§ TASK ITEM:
If pictures appear in the lines below, skip them and copy exactly the lines from the one containing "Bear Colorful Pop" through the one containing "2024秋冬款粗跟切尔西靴中跟时尚百搭方头女鞋9529", and nothing else.

§ DATA FOR PROCESSING:
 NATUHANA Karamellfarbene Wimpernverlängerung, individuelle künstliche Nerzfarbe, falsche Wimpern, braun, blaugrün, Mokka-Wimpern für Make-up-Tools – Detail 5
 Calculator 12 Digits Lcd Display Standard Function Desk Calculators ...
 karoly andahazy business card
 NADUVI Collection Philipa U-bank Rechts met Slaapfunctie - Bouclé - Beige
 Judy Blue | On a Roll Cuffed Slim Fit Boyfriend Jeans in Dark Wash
---
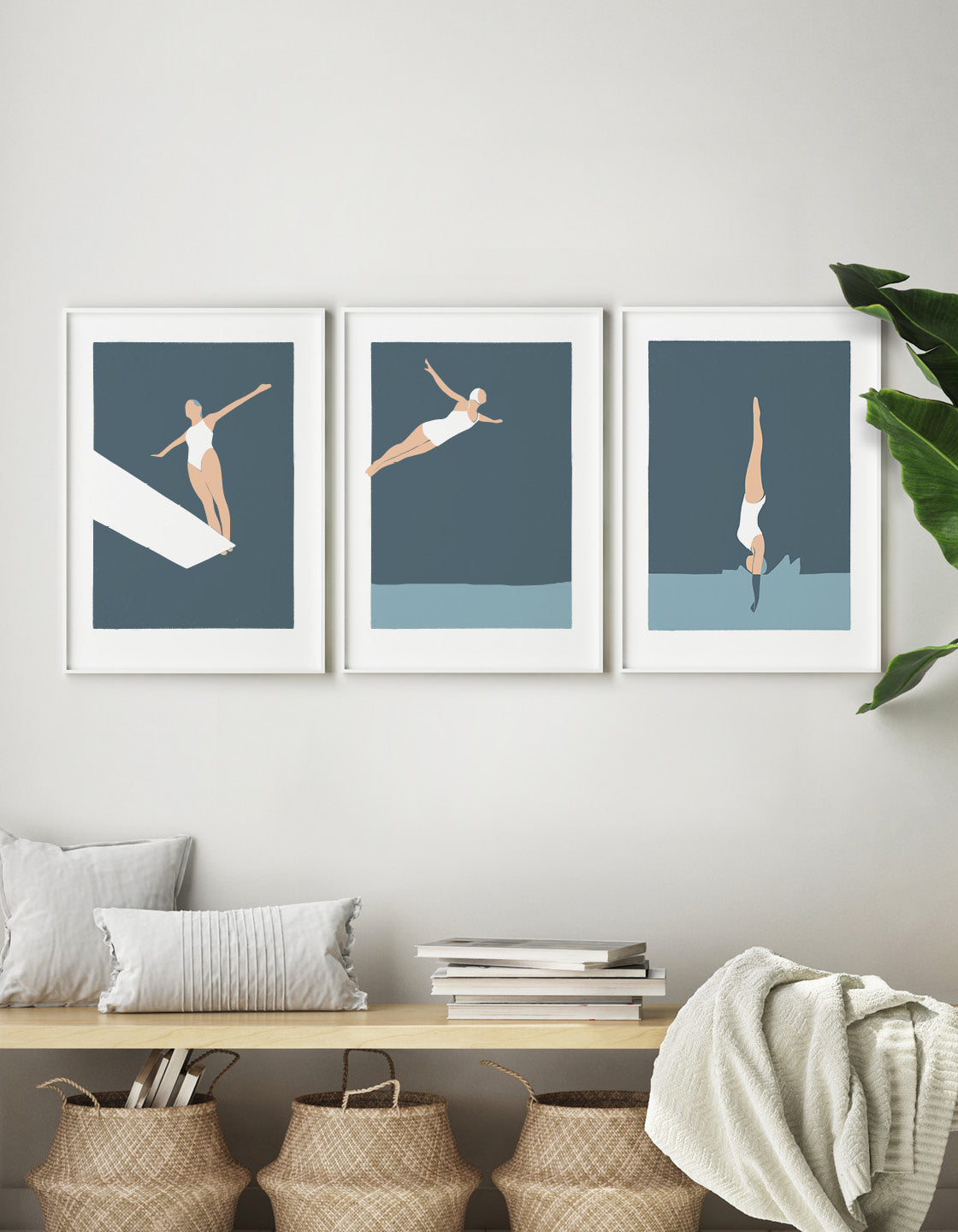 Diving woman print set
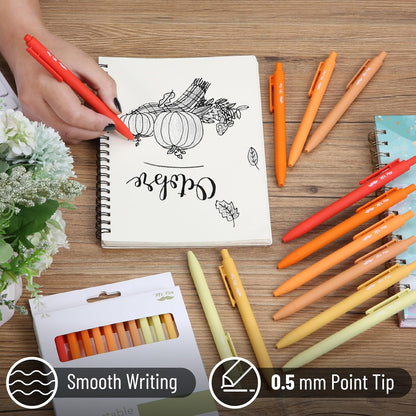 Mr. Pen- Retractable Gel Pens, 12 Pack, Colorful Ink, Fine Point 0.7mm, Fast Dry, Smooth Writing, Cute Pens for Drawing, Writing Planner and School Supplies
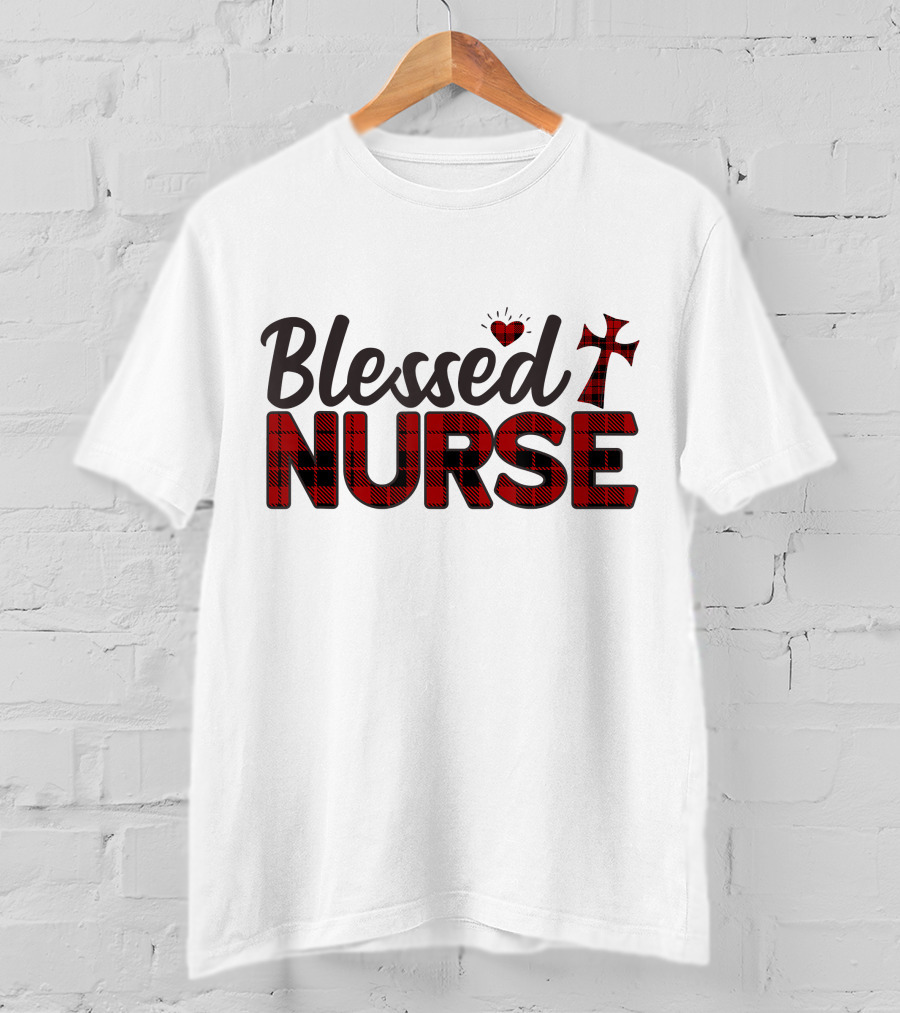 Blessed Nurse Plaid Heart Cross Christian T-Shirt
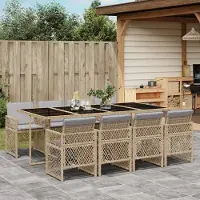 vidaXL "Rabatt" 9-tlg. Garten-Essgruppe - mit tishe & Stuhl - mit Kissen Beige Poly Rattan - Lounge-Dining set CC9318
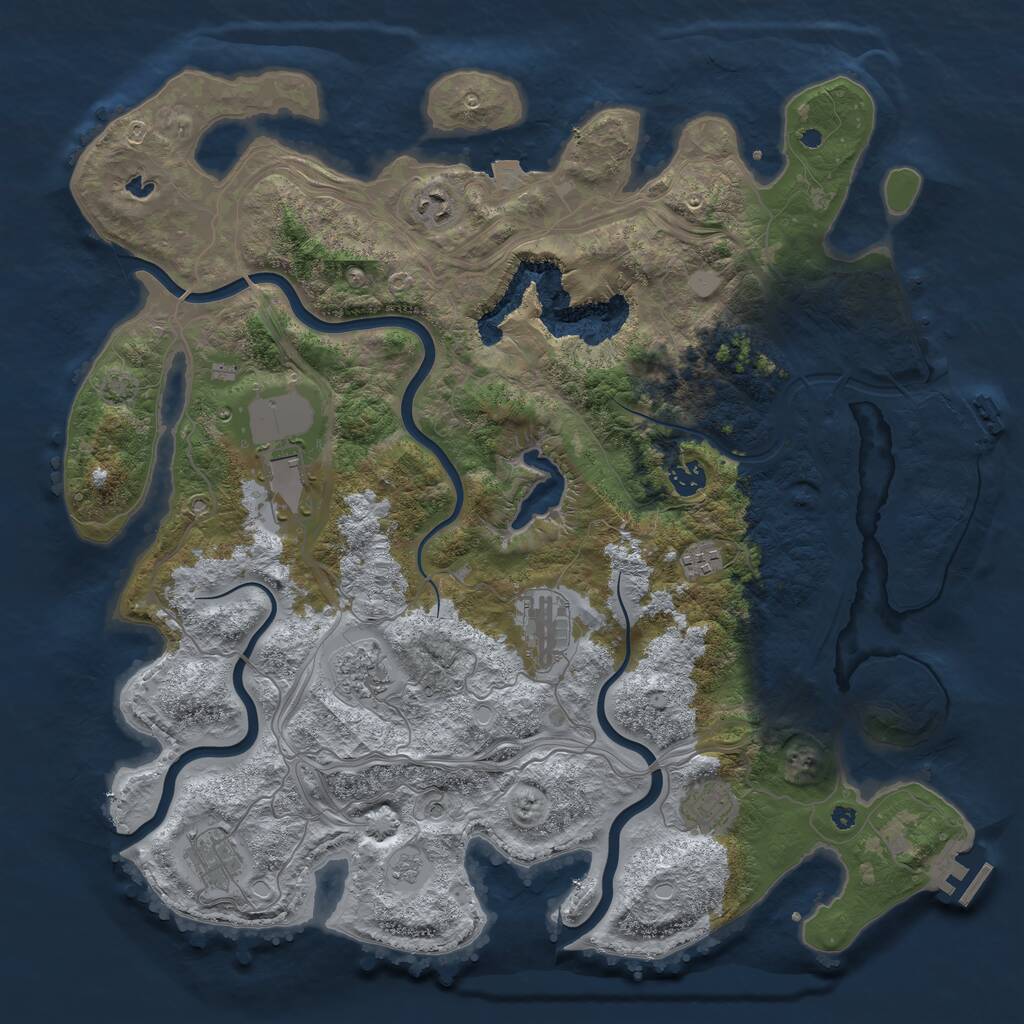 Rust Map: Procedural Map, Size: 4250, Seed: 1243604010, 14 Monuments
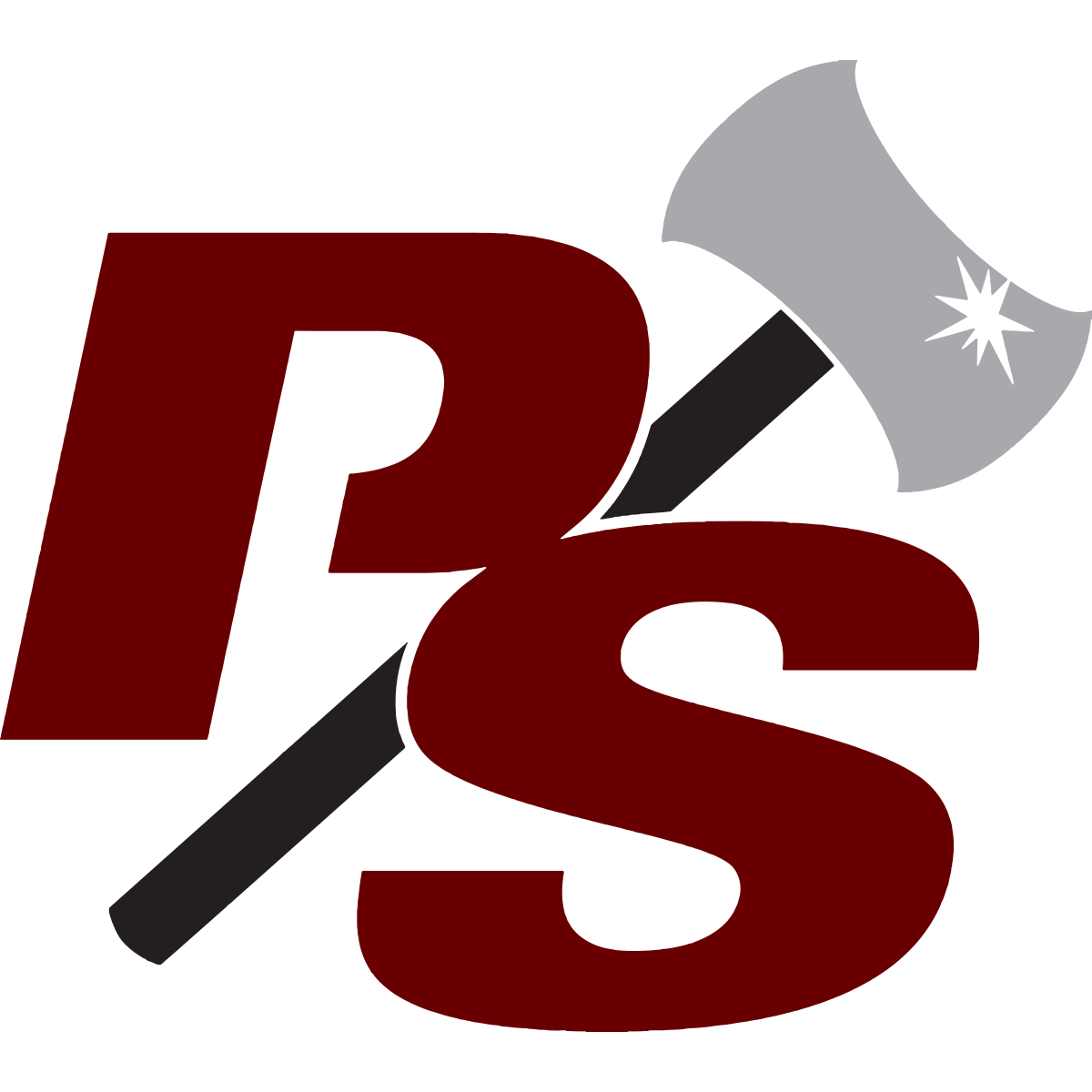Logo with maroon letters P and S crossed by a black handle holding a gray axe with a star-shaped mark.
---
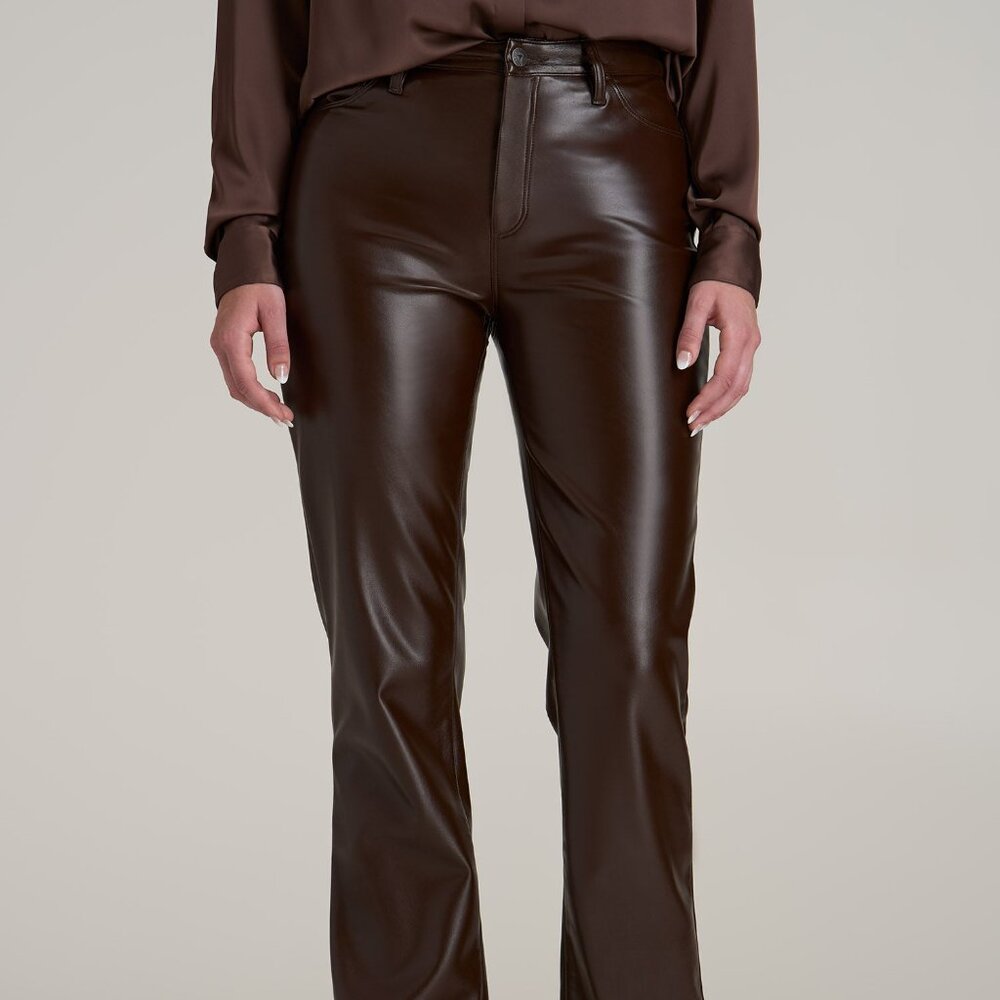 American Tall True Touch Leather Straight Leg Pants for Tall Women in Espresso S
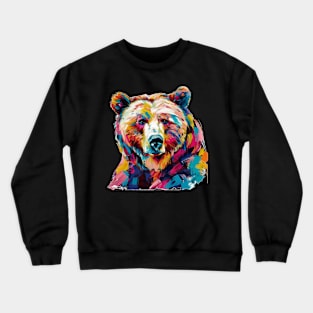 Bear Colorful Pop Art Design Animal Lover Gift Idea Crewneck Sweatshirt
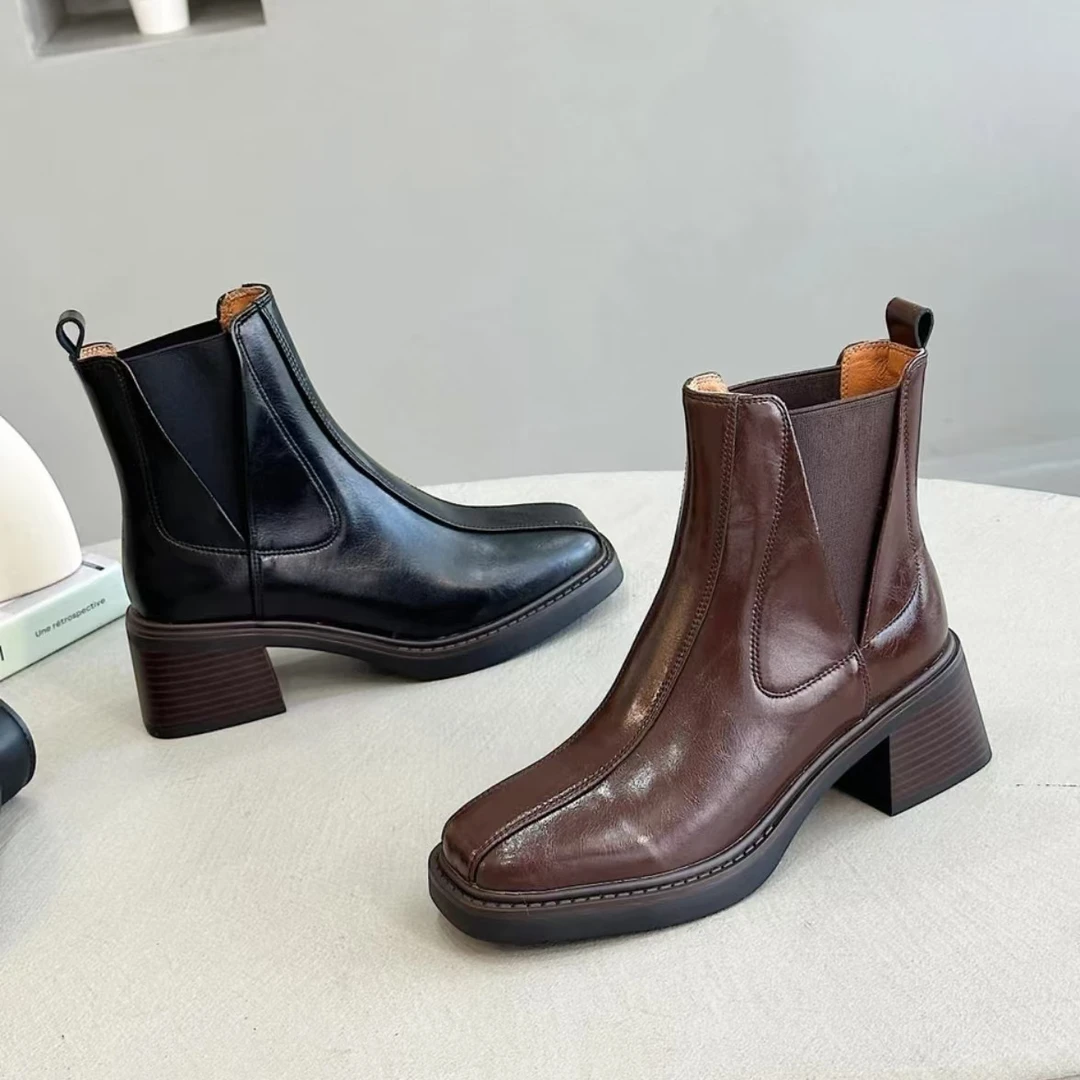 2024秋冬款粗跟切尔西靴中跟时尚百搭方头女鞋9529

§ THE ANSWER:
 Bear Colorful Pop Art Design Animal Lover Gift Idea Crewneck Sweatshirt
 2024秋冬款粗跟切尔西靴中跟时尚百搭方头女鞋9529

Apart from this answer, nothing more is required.